I've often seen them at King Ed's before and they were healthy. They were just on the expensive side for me  (I am talking about Big Regular Tin Foils)


----------



## m_class2g (Apr 21, 2010)

Smiladon said:


> I've often seen them at King Ed's before and they were healthy. They were just on the expensive side for me  (I am talking about Big Regular Tin Foils)

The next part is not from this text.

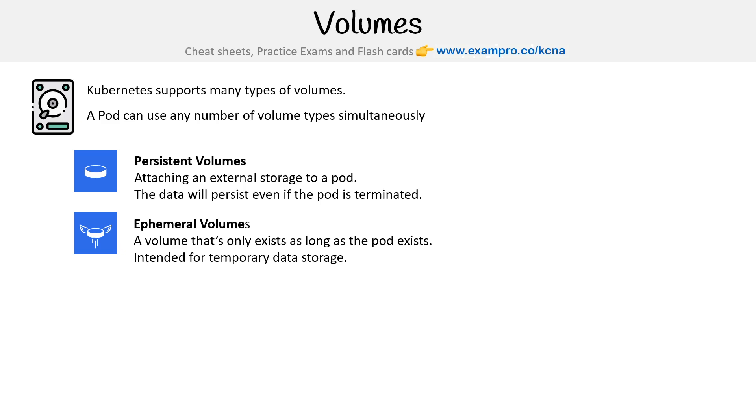We have ephemeral volumes - I've looked this up before, but I just can't remember how to say it. A volume that only exists as long as the pod exists, intended for temporary data storage. I mention it here, but we don't actually use it in the CKAD.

yea im not wanting to spend a lot of money on fish that my big arowana can possibly beat up lol. too bad i missed out on yours! gah.


----------



## m_class2g (Apr 21, 2010)

ttt. still looking for a few large ones. thanks!


----------



## m_class2g (Apr 21, 2010)

ttt!! anyone seen any big ones at king eds?


----------



## snow (Apr 21, 2010)

Give fishworld a call? They might have something like that, they always get trades in. I've seen a few tins there before.


----------



## Brendan (Apr 21, 2010)

yes, I seen it today they're around 7-10 inches, not sure about the price tho.


----------



## m_class2g (Apr 21, 2010)

thanks! ill go have a look. hopefully not too expensive since they are for my aro to beat on lol


----------



## Smiladon (Apr 23, 2010)

I guess you are lucky then 

Its really hard to find Gold Tin foils that size.


----------



## m_class2g (Apr 21, 2010)

went to king eds today. they wanted 100 for 2 7-8 inch tinfoils and 1 5 inch which would get eaten in my tank. fish were missing a lot of scales as well. 

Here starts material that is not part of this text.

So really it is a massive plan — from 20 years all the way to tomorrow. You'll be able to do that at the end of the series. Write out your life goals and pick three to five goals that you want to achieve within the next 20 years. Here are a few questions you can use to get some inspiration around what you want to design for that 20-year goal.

ttt. still looking for some. 2 or 3 is good.


----------



## Smiladon (Apr 23, 2010)

m_class2g said:


> went to king eds today. they wanted 100 for 2 7-8 inch tinfoils and 1 5 inch which would get eaten in my tank. fish were missing a lot of scales as well.
> 
> ttt. still looking for some. 2 or 3 is good.

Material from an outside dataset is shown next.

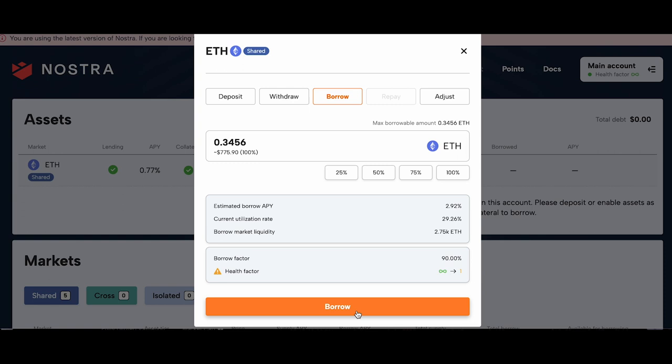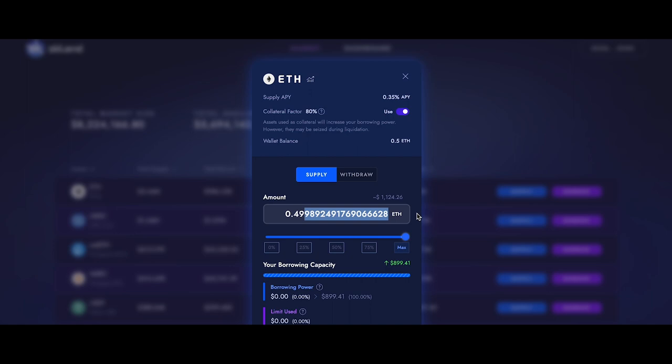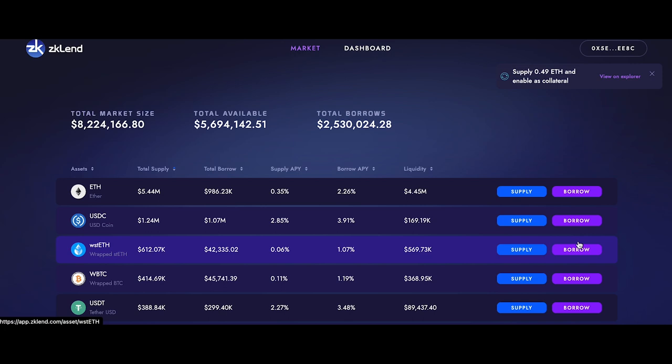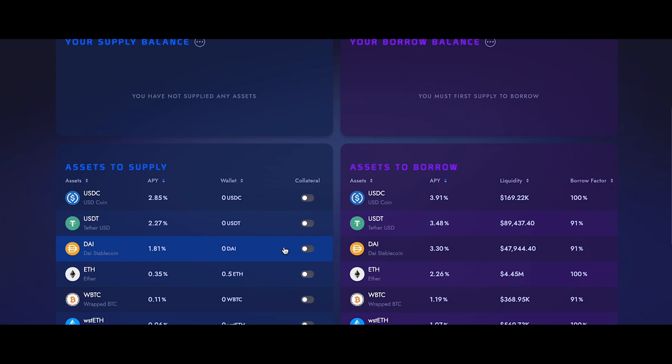Now let's check out ZKLend. Click on supply next to your desired market and choose the amount you want to lend. You can then head to your dashboard where you'll see your supply balance, assets to supply, and also assets to borrow. To borrow, click on the currency you want, choose the amount, and click borrow.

told you they were expensive there..lol

They wanted $80 a piece for 10in ones (regulars)


----------



## m_class2g (Apr 21, 2010)

i guess 100 for 3 beat up ones is good deal to them lol.


----------



## Smiladon (Apr 23, 2010)

m_class2g said:


> i guess 100 for 3 beat up ones is good deal to them lol.


they are hardy fish, so if they are only beat up a little (scales missing), then they can make a comeback soon, but then you want them to be in with your aro...cant speak for that since I have had no experience with those yet.


----------



## Brendan (Apr 21, 2010)

You got mail


----------